SingleStore and the MySQL wire protocol
How to set up SingleStore
Challenges faced by customers when migrating to SingleStore
Elasticity of SingleStore
SingleStore licensing model
Challenges with building a business around SingleStore
When is SingleStore not the right choice
The future of SingleStore
Modern tooling for data management

Now, let’s dive into some of the business and technical concepts that were discussed in the podcast as a way to get you excited to listen to the entire thing.

Note: You might also be interested to read this recent interview with Nikita on HackerNoon.

How SingleStore Started

Nikita grew up and was educated in Russia, where he earned his PhD in computer science and became involved in programming competitions, winning several. (Quite a few SingleStore engineers have shared the same passion, including me.) Shortly after graduation, Nikita was hired by Microsoft. He flew to Seattle to join the SQL Server team and spent five years there.

Nikita describes his early days as a “trial by fire,” followed by a “death march”: testing and debugging SQL Server 2005, a landmark release that was five years in the making. The SQL Server effort was a “very, very good training ground.” It was also where the seeds of SingleStore were planted.

Internally, Microsoft worked on a scalable transactional database, knowing that it was sorely needed – but never shipped it. Nikita and Microsoft colleague Adam Prout, who became the chief architect and co-founder, with Nikita, of SingleStore, found that “incredibly frustrating”.

After Microsoft, Nikita joined Facebook, where “it became very apparent to me what the power and the value of such a system is.” So Nikita co-founded SingleStore in 2013, and the team soon delivered the first widely usable distributed transactional system.

SingleStore started out as an in-memory system. This “allowed us to onboard various high value workloads” and to start building a business. Later, SingleStore added disk-based columnstore capability, making it a very flexible, memory-led database.

Early in SingleStore’s history, most of the workloads that fit the new system were around analytics on live data. SingleStore can handle “a high volume of inserts, updates, deletes hitting the (transactional) system, but at the same time actually drive insights, drive analytics”.

But, notes Nikita, “the amount of technology that goes into a product like this is absolutely enormous.” That meant it would take time to complete the full vision: a “fully scalable, elastic transactional system that can support transactions and analytics in one product.”

Note: The photograph below comes from a talk by Nikita at the SQL NYC group in 2017. The talk is available on YouTube.

SingleStore CEO Nikita Shamgunov speaks ondatabase convergence at SQL NYC, 2017

Key Architectural Decisions

Nikita discusses many of the key points of SingleStore’s architecture. When the work on SingleStore was started, Nikita and the rest of the team bet on RAM as the storage of the future, since it was predicted that the cost of RAM would go down by a lot. This hasn’t really happened for RAM as such, though flash memory is now dropping rapidly in cost, so SingleStore’s architecture had to evolve to support both disk and memory. Nikita also explains how SingleStore’s distributed nature is key for its scalability.

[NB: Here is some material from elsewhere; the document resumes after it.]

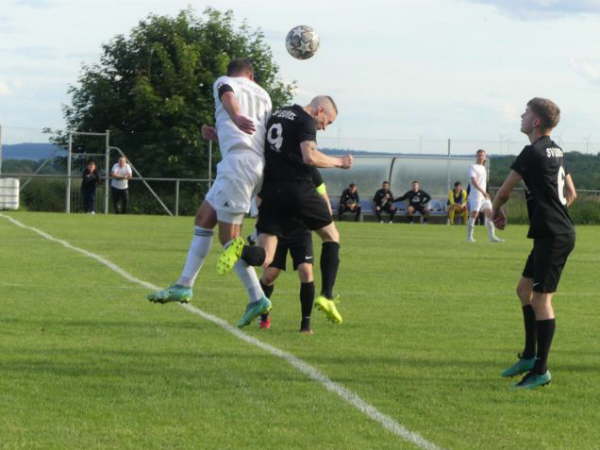 SV Emsdorf - SV Leusel  0-3  25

Nikita goes on to answer a very interesting question about SingleStore and the consistency, availability, and partition tolerance (referred to as the CAP theorem) of distributed database design – which holds that you can only have two out of the three. Partition tolerance is held to be mandatory in a distributed system.

In his answer, Nikita explains why SingleStore is not fully available (the A in CAP), in order to guarantee consistency and partition tolerance (the C and P). “The greatest sin of a database is to lose data”, explains Nikita, making the choice of building a CP system very natural.

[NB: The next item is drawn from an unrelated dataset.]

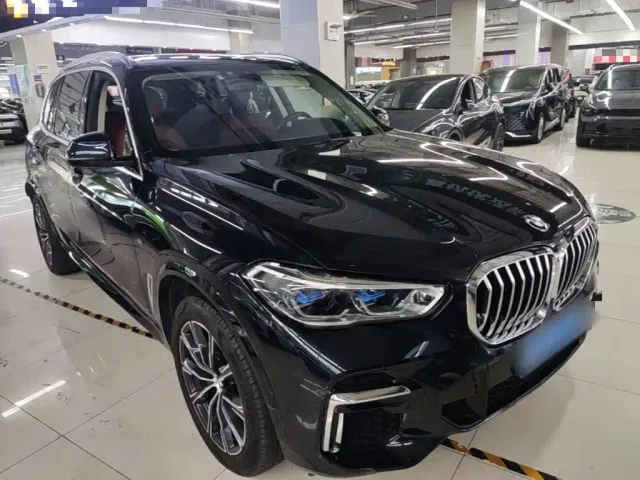 BMW X5 — Фото автомобиля 3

Nikita also explores the ins and outs of converting from row-oriented data to column-oriented data (and vice-versa) in SingleStore. Since SingleStore supports row-oriented tables in memory and column-oriented tables on disk, but clients (e.g. SQL clients) expect row-oriented data, one might argue that the conversion from rowstore to columnstore could affect SingleStore’s performance.

However, that’s not (usually) the case, as Nikita explains in the podcast. Succinctly, the conversion from rowstore to columnstore when data is being inserted is actually I/O-bound and not, perhaps surprisingly, CPU-bound. Since CPUs are so fast at converting from one format to the other, disk performance actually matters most, and thus the conversion overhead becomes much less relevant.

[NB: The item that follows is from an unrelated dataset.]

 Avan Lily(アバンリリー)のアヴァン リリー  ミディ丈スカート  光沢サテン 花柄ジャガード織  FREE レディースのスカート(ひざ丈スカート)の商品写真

Secondly, since most columnstore queries are analytical in nature (e.g. reporting queries), the number of results (in number of rows) is usually quite low. This means that most query operations will be applied on internal representation of columnstore data as vectors, which is very performant. One exception to this performance is when clients request a lot of columnstore data.

Optimizing Performance

Nikita was asked about performance optimization in SingleStore. This question touches on so many areas that Nikita gave an answer in which he organized some of SingleStore’s key performance optimizations into three separate buckets:

In-memory query optimization – for queries against in-memory data, careful code generation is fundamental for amazing performance
Network optimization — why and how SingleStore engineers are super careful about data serialization and deserialization across the cluster
Compression and vectorization — how SingleStore has built a general purpose system for performing computations on encoded data.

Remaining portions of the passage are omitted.